TEMPESTADE - 36 (Conto)

TEMPESTADE – 36

                          Rangel Alves da Costa*


“Acudam aqui que Teté vem trazendo nos braços o corpo morto do seminarista Tristão!...”. Tal anúncio bombástico, num grito que superou o barulho da tempestade, fez com que todas as mulheres entrassem de vez em polvorosa.
“Morreu como o bichinho, quero ver o corpo do bichinho morto, onde ele está?”, indagava uma aos berros desesperados.
“Como foi a morte desse inocente de Deus? Foi tiro, furada, tropeção, batida, ataque do coração, piripaqui estripador, o que foi que matou esse inocentinho de Deus?”, perguntava outra, já se debatendo pelo chão em agonia.
“Mas não pode ser, tão novo, tão bonito, tão inteligente, a verdadeira salvação da igreja, e morrer assim nos braços da escuridão tempestuosa, como se a vida lhe tivesse sido também de muitas lágrimas e dores. Oh, dor, oh, destino, oh, tão grande desatino o desse menino, que a mão divina arrebatou-nos assim ainda no alvorecer da vida!”. Era um lamento tormentoso, proferido por uma tomada de sentimento poético nesse singular momento.
“Meu Deus, meu Deus, que vida injusta, que vida ingrata, com tanta gente ruim por aí, metida a besta, orgulhosa, egoísta, safada, mentirosa, uma verdadeira corja de canalhas e ladrões, e a morte vem recair sobre os ombros desse pobre infante prometido à vida religiosa. Tira a mim, ó Senhor dos pecadores, leve a Ti essa maculada alma, chega de devassidões e pecados, ainda que não tantos como dizem, mas deixai sobre a terra, como ser vivente por muitos e muitos anos esse menino chamado Tristão. Será por que Tristão rima com tristeza, ou por que a dor rima com qualquer um que faça de sua vida um caminho de amor?”. Outra poetisa da aflição, de braços erguidos, em frente ao altar, voltada à Cruz do Senhor.
“Tristão morreu sem sentir o sabor do beijo de sua amada, sem sentir o corpo macio e quente de sua linda flor, sem sentir o prazer que o homem deve oferecer à mulher para que o prazer seja retribuído e o verdadeiro amor se concretize. E alguém sabe como estará a viuvinha professorinha, aquela que vai vestir luto do amado sem jamais ter colocado aliança nupcial no dedo?”.
“É mesmo, se ele saiu daquela forma para a morte e dizendo que ia em busca de salvar a professorinha que estava muito doente, como estará a pobrezinha nesse momento? Conheço histórias dizendo que quando o amor é muito grande os corações se comunicam na dor e pode acontecer dela também ter morrido por causa do passamento do coitadinho do seminarista”.
Ainda nos braços do maluquinho, todo cheio de dores que mal podia abrir os olhos, Tristão não suportou mais ouvir tantas besteiras, tantas babosices e agouros que tentou falar e colocar um basta naquilo tudo. Entretanto, sentindo que não seria ouvido começou a se balançar nos braços do carregador e como este não dava sinais que o colocaria no chão, resolveu pular de onde estava. Deu um impulso e se segurou em pé por instantes. E foi pior a confusão.
“Valei-me Deus, que o defunto ficou em pé!”.
“O morto levantou da morte, está em pé, e se andar vem buscar todas as pecadoras que estão aqui!”.
“Morte mal resolvida, alguma coisa não resolvida. O pobre do homem voltou. O que será que ele quer pra embarcar de vez?”
“Morreu e renasceu, só pode ter sido isso. É a vitória dos bons diante da morte, pois lhe foi concedido o direito de continuar entre os vivos”.
“Calem a boca e cada uma trate de fugir antes que seja tarde demais.
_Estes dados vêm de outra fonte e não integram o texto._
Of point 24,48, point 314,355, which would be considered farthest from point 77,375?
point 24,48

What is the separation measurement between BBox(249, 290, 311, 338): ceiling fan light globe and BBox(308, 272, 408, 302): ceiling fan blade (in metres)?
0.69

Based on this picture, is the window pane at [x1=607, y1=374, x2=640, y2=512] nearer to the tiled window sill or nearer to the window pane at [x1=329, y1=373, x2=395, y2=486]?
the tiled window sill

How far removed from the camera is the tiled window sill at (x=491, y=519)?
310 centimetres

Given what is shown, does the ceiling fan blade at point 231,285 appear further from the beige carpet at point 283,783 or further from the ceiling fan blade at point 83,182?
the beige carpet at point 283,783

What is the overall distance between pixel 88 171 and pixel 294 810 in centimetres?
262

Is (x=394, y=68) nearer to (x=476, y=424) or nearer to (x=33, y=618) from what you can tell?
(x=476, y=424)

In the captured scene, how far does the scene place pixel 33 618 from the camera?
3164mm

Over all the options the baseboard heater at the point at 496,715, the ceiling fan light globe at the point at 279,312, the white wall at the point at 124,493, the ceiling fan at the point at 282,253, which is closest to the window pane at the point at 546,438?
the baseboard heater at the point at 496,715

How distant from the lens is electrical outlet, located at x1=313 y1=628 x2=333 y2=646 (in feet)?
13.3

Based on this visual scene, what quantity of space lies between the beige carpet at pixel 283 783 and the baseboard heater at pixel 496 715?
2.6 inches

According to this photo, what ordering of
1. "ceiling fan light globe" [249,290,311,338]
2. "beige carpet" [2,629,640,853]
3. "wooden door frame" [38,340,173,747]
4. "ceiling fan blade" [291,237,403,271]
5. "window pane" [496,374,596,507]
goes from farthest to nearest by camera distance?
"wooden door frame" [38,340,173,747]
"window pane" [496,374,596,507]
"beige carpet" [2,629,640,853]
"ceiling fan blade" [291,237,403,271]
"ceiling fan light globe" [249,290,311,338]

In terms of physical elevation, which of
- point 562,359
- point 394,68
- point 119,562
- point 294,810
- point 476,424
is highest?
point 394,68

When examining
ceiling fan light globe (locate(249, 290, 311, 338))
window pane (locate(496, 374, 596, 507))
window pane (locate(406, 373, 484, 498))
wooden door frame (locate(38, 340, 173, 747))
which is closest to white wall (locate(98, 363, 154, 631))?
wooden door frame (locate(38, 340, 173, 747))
Já vi um filme que um morto ficava vivo de novo e depois ele foi comendo a cabeça de todo mundo que encontrava. Corram e se escondam enquanto é tempo, se virem se tem amor à vida!...”.
E então foi cadeira e banco virando pra tudo que é lado, com cada uma correndo e procurando se esconder pela escuridão dos cantos, por trás das cortinas, embaixo da mesa, novamente dentro do confessionário, que a essa altura já estava entupido. Uma, completamente perdida, não encontrando mais lugar onde se esconder, foi devagarzinho e ficou bem atrás de Tristão, como se estivesse escondendo do rapaz morto.
Não suportando mais tantos insultos, ofensas e babaquices, o maluquinho Teté gritou de forma tão violenta que cada uma ficou silenciosamente onde estava para ouvi-lo. E ele foi ao ponto crucial:
“Vocês estão doidas é? Quem foi que disse que o seminarista está morto? Ele está vivo e bem vivo, apenas precisando que vocês providenciem imediatamente remédios para que ele fique recuperado das dores da queda que tomou na rua e como meio de não ficar doente pela água da chuva que teve de beber enquanto estava caído quase se afogando. Só isso, e agora voltem aqui agora mesmo e cuidem dele”.
Quando elas se aproximaram para se assegurar do que tinham ouvido, já encontraram o seminarista desmaiado no chão, respirando com dificuldades, com o corpo já no vulcão febril. “É mesmo, ele está muito fraquinho, febril e precisa ser medicado. Vamos colocar levar ele lá pra sacristia e deitá-lo na cama, assim será mais fácil de cuidar”.
“E quem vai tirar a roupa dele?”, perguntou uma se insinuando, enquanto outra respondeu na maior altura: “Você não respeita nem os doentes, sua sirigaita. Até nessa hora só pensa em homem nu, pensa perdão a Deus”. “Eu não, peça você que quer tomar conta dele sozinha e eu sei pra que é...”.
Ainda bem que Teté não ouviu mais essa palhaçada, pois enquanto elas carregavam o seminarista ele abria a porta da igreja para correr em direção à escola. Fazia o certo, mas também o errado, pois bem que poderia ter colocado umas três colheradas daquele elixir curativo na boca do enfermo Tristão.
Se a questão era salvar vidas, salvar aquelas duas era um gesto mais que humanitário. Os deuses do amor certamente agradeceriam depois. Contudo...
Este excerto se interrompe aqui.